The changes are already having a social and psychological impact on American Jewry. For many older Jews, many of their core institutional patterns of personal engagement have been altered. For younger Jews, the dislocations may foster opportunities for further experimentation and disengagement from the traditional patterns.
The long-term outcome of the transformation is likely to be a far weaker, less cohesive American Jewish community. As the economy moves beyond the current crisis and as institutions adjust, a new leadership will also likely emerge that will need to draw on the lessons of this period. The "new" American Jewish scene they will inherit will display a smaller communal and religious system with fewer resources.
A communal system weakened by scandal and economic dislocation will inevitably be less powerful. The internal and organizational changes will recast the role of Jews within the larger society as well.
I’m going to agree with Windmueller on the first point. As I believe that right now we are just seeing the start of a contraction of the Jewish community, and that we likely will see the landscape take a new shape over the coming years as we sort through the rubble of what is left.
But I think it is far too soon to say that the economic downturn has already caused a dissociation from Jewish life by older and younger Jews. It is true that services for the elderly may be affected as organizations cut their budgets, but my guess is that those funders — and especially Jewish federations — that prioritize care for the elderly will make sure that they are taken care of before cutting some of the other causes that they may fund.
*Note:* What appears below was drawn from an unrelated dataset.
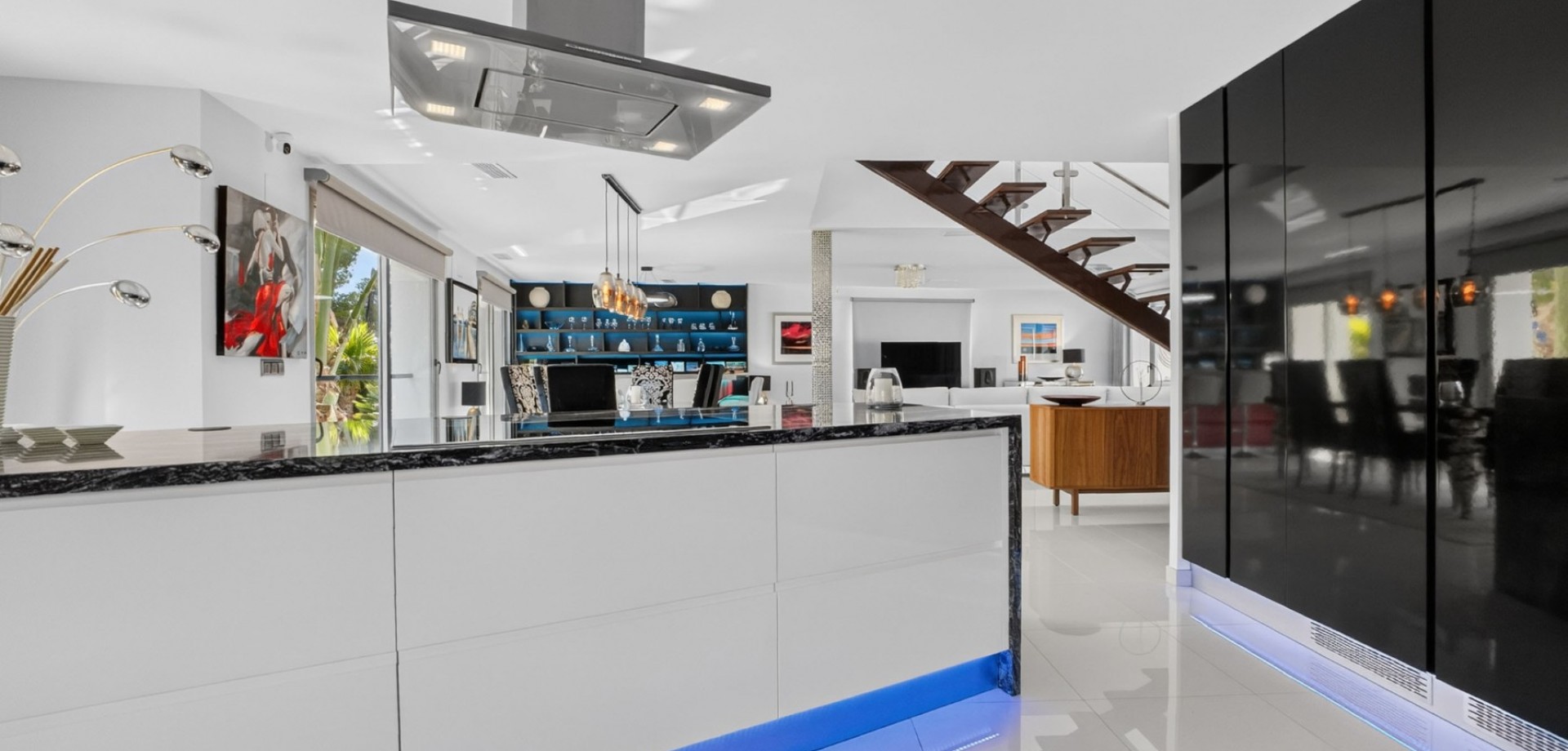 Villa for sale in Pinar De Campoverde, Alicante, Spain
Perfect example: The Weinberg foundation, the country’s largest Jewish-centric foundation. While, yes, it is cutting its allocations over the next two years and there will be less money to go around for new projects, it is honoring all of the multi-year grants that it has made through the next two years, to the tune of more than $179 million.
Federations are not likely to abandon their elderly.
As for younger organizations? Yes, there is less money out there for them now. But there was an un-tempered, unmanaged growth of Jewish nonprofits over the past 10 years that saw the formation of dozens if not hundreds of organizations that, while good intentioned, were simply not well run and that overlapped in mission with other nonprofits. Simply, we created a small nonprofit sector that was more luxury than necessity. Will there be a trimming of that sector? One can only hope.
Which leads me to Windmueller’s third assertion: that the long-term outcome of the transformation is likely to be a far weaker, less cohesive American Jewish community.
This does not have to be true.
I’ve been asked several times recently both publicly and privately what I thought the Jewish community would look like in five years.
And while the answer is really, “I don’t know. No one does,” I think one of two things will happen here.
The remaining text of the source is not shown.